Karl Rove looked out his tinted limousine window, reading the odd message painted on the purple truck. He thought about jotting down the license plate to pass to the National Security Agency, but then the limo was already past the truck. He made a mental note to have some agents come back later, not realizing that the owner of this truck had already been under a fruitless wiretap surveillance for three years. On the seat across from him, former Senator Evermore Breadman was pretending to jot down notes on the lined legal pad inside his embossed leather portfolio while it was all he could do to contain his hissing intestines until they reached the private box at the Verizon Center. He was glad Rove was not prone to pointless chatter. Breadman tried to muster a smile, thinking about the matchmaking fee he might get out of this deal, but his belly was screaming at him, and he feared that Rove was just playing him to get a better counter-offer in Texas. The limo ride with face-to-face seating was supposed to be the excuse to stare a man in the eyes and get a read, but Breadman felt nauseous every time he tried to look up. His thoughts turned to Tony Snow. What kind of damned fool trumpets to the world that he's leaving public office because he wants more money?

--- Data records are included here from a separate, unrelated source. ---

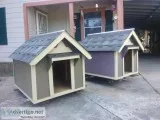 new dog houses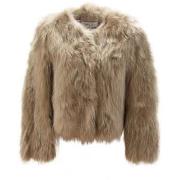 Pusakka Bully  -  IT 44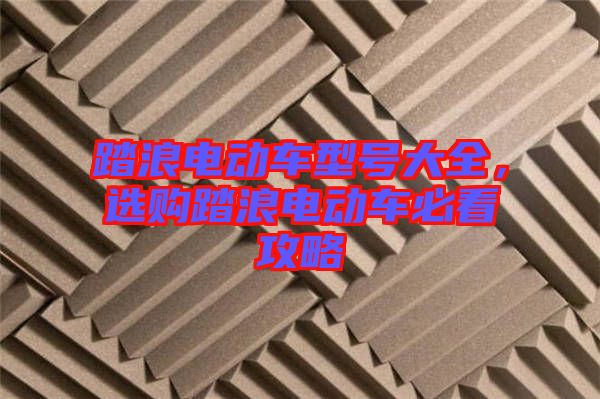 踏浪電動車型號大全，選購踏浪電動車必看攻略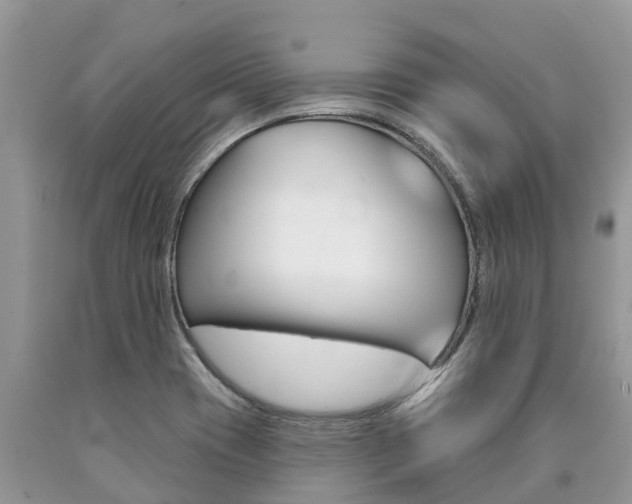 X0000090711417200707200941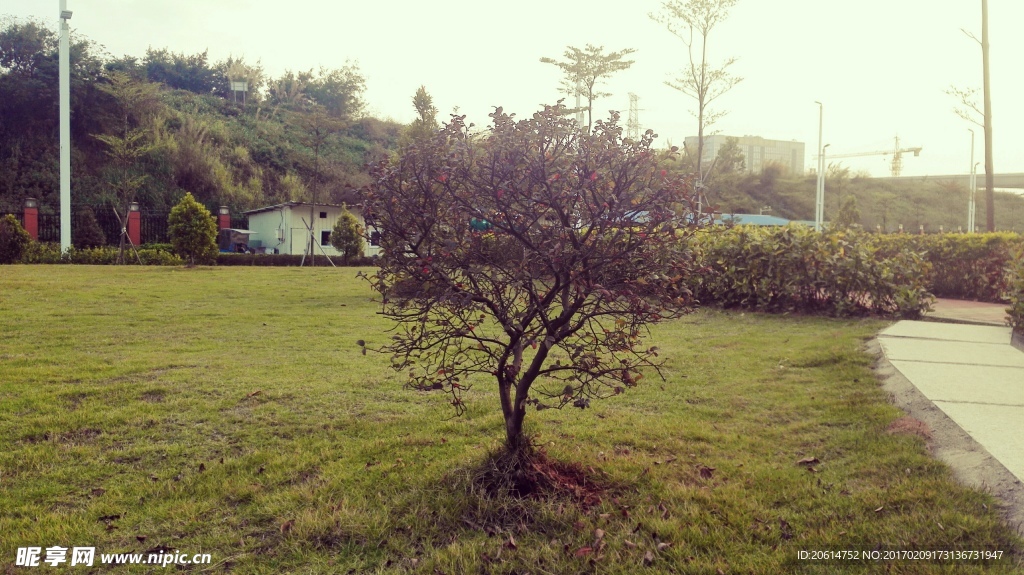夕阳下的草坪美景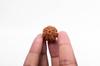 Natürliche 7 Mukhi Rudraksha-Perle – Nepali-Ursprung | Natürliche Perle für Glück & spirituelles Wachstum | Bio & Laborzertifiziert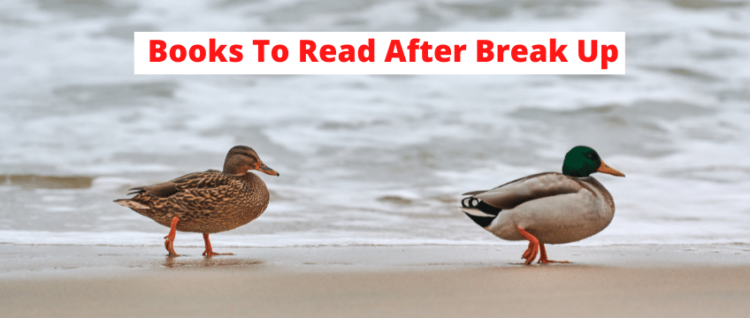 Books To Read After Break Up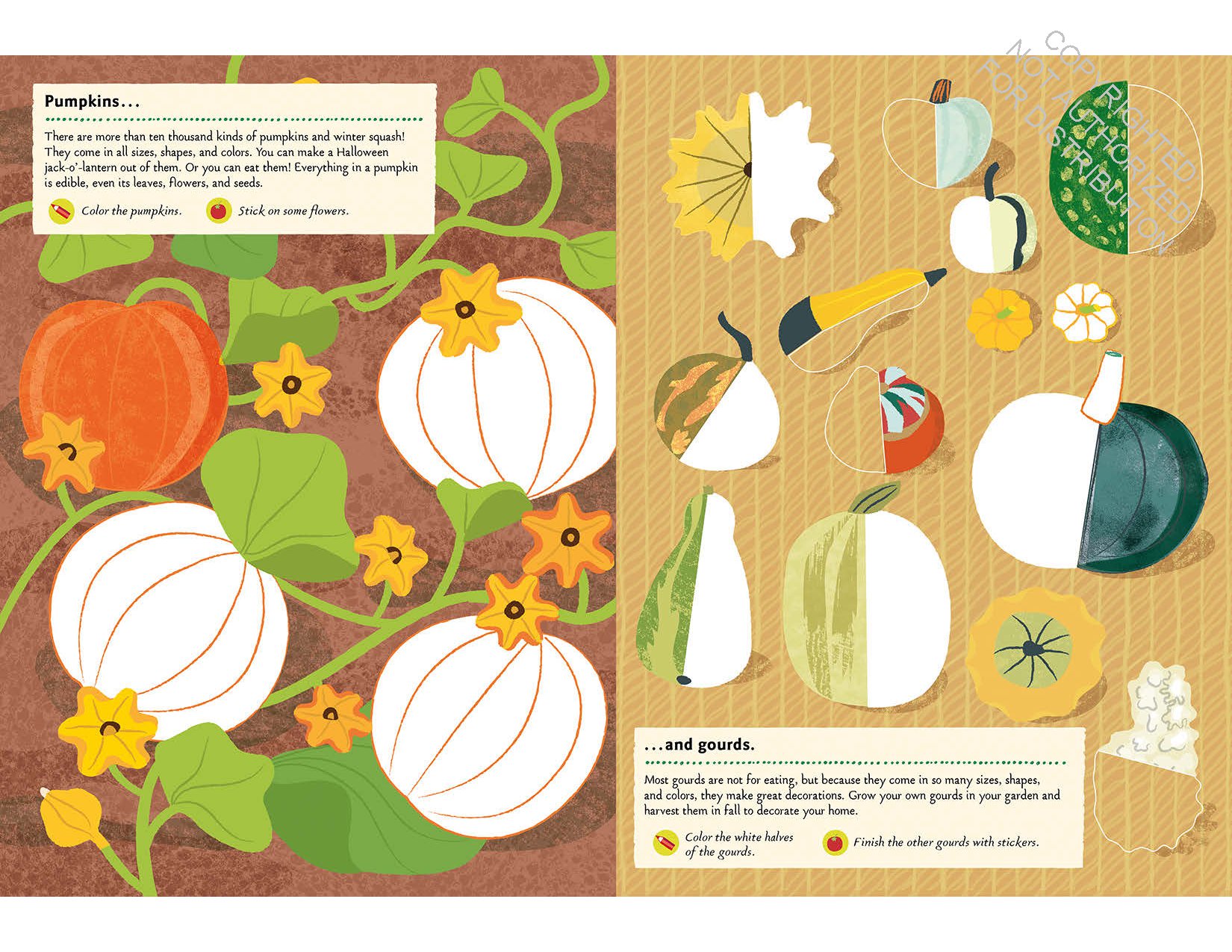 In the Vegetable Garden: My Nature Sticker Activity Book (Ages 5 and up, with 102 stickers, 24 activities, and 1 quiz)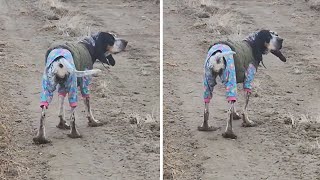 Adventurous dog has some nice 'shoes' make out of mud #shorts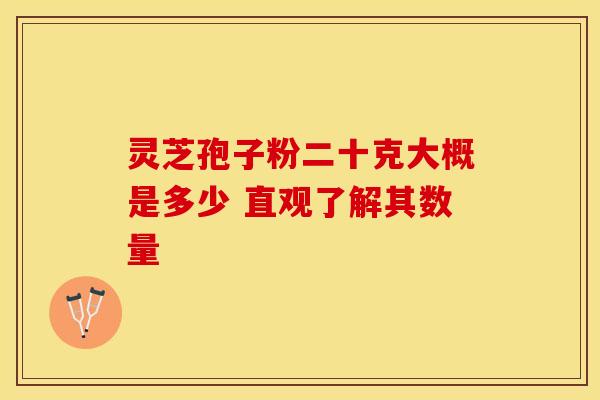 灵芝孢子粉二十克大概是多少 直观了解其数量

Breadman was not sure he could place a moron like that, who was only a talking head, after all. Or had the world changed so much that people could actually announce such a thing nowadays? His thoughts wandered back to the day he had announced he would not run for another Senate term, because he needed to devote more time to his family. That was ALWAYS the thing to say! The limo pulled up to the Verizon Center, and the two men silently gathered their accessories and waited for the driver to open their door.

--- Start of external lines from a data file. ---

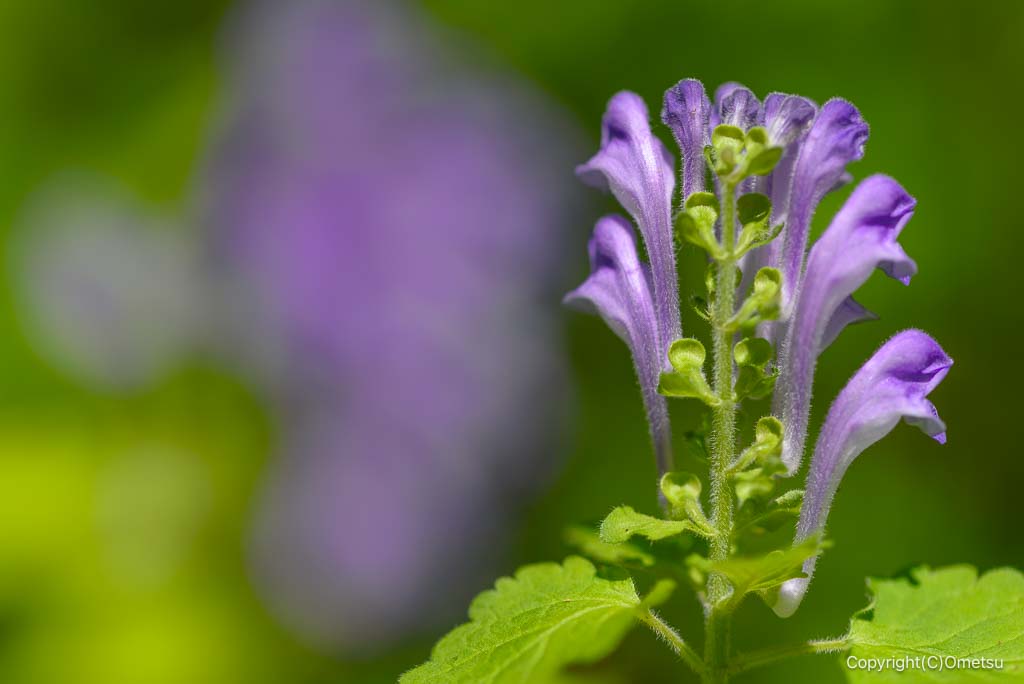 都立野山北・六道山公園の、タツナミソウ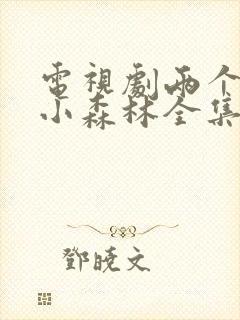 电视剧两个人的小森林全集播放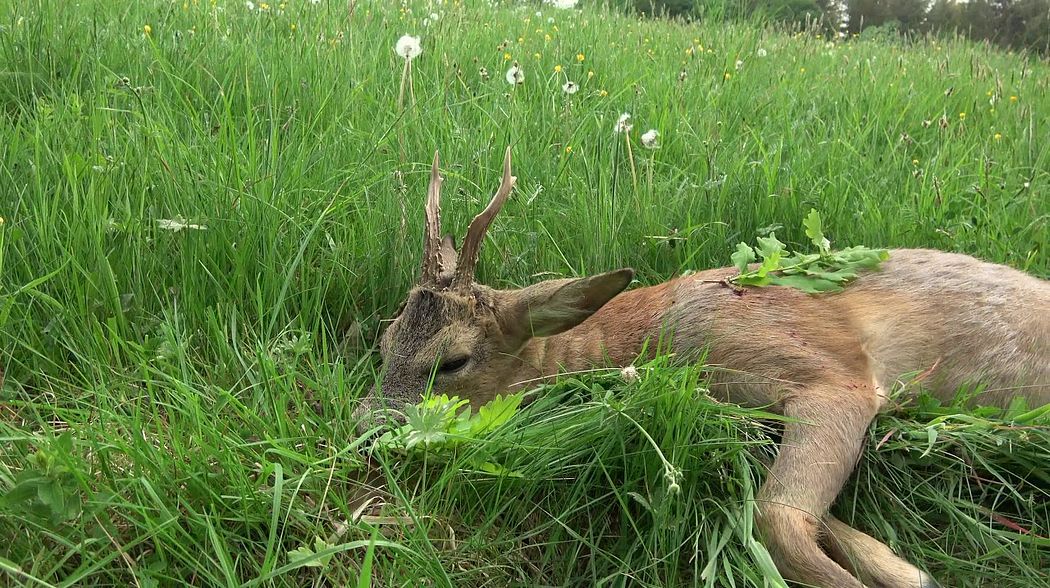 Bockjagd in der Eifel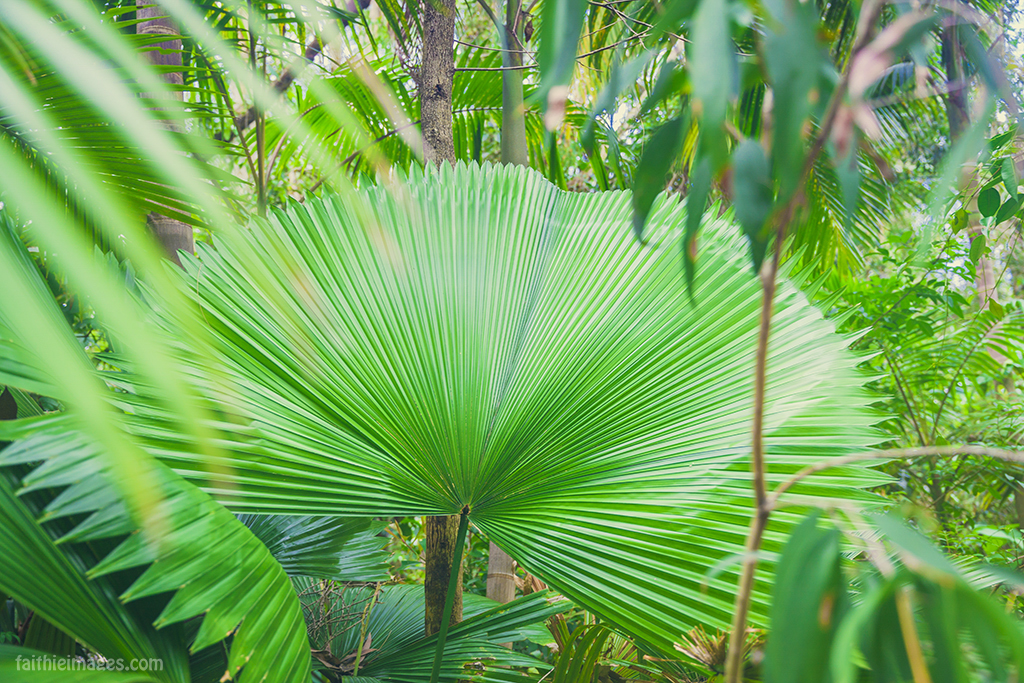 Ruffled fan palm tree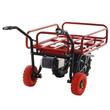 Carucior electric Geotech E-Truck, 2 motoare 2x500W, max 200 Kg, Li-Ion 6Ah, 40V, 6 km/h, Laturi extensibile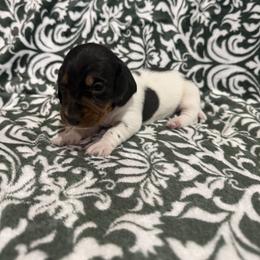 Rip - Piebald male Dachshund puppy in Liberty, Mississippi from Liberty Oaks Aussies and Dachshunds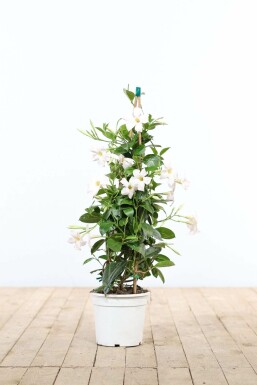 Aucune image disponible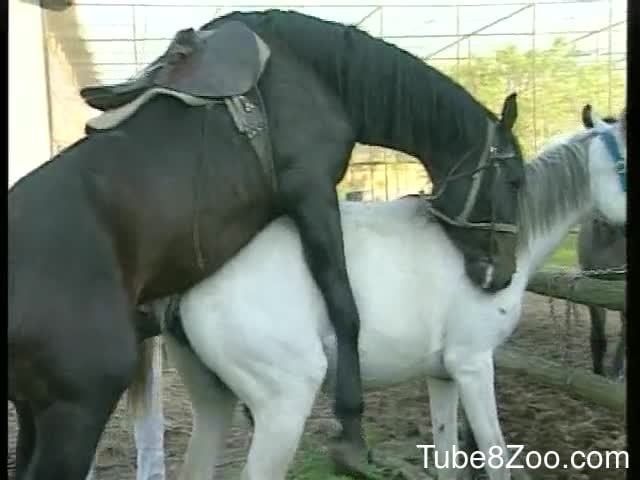 Horse And Grille Sexi Vidio - Ultra hot chicks and big black horse in group farm Zoo XXX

A block away, Charles Wu was on his way back from Lynnette Wong's shop, where they had traded information on the new Chinese embassy under construction. Wu had been in it several times as an invited guest, but he knew the Ambassador would not show him much. Wong had made some herbal deliveries there, and had seen plenty herself, though she saw no importance in the questons Wu posed to her. At one point, she had commented quietly on how the construction workers were so isolated at the hotel camp, with no internet access or telephone lines, but Wu's professed sympathy had seemed a little too plastic to her. Wu frowned, coming to the reluctant conclusion that she was probably reading him better than he was reading her. How did she read him so well? He stopped for a moment at the sight of the purple truck and read the bizarre manifesto. He wondered if a country that let its mentally ill roam freely around really needed to be taken down from the outside? He kept walking, a bag of Chinese herbs in one hand, a Burberry umbrella in the other. He started thinking that the purple truck philosophy might actually apply to a lot of people he knew, though he did not include himself in the category.

A few minutes later, the driver of the purple truck came out of Cosi with a half-dozen Power Arctic Mochas to take to the afternoon meeting of the Heurich Society. He also had a cup of ice for Condoleezza Rice, who always mixed her own drinks. He drove the truck west, listening to a Sudanese-run radio station discussing the slaughter of Darfur refugees by Egyptian authorities at the Israeli border. World War III was well on its way. A flock of starlings flew above him, on their way to the Brewmaster's Castle before reporting back to Ardua of the Potomac.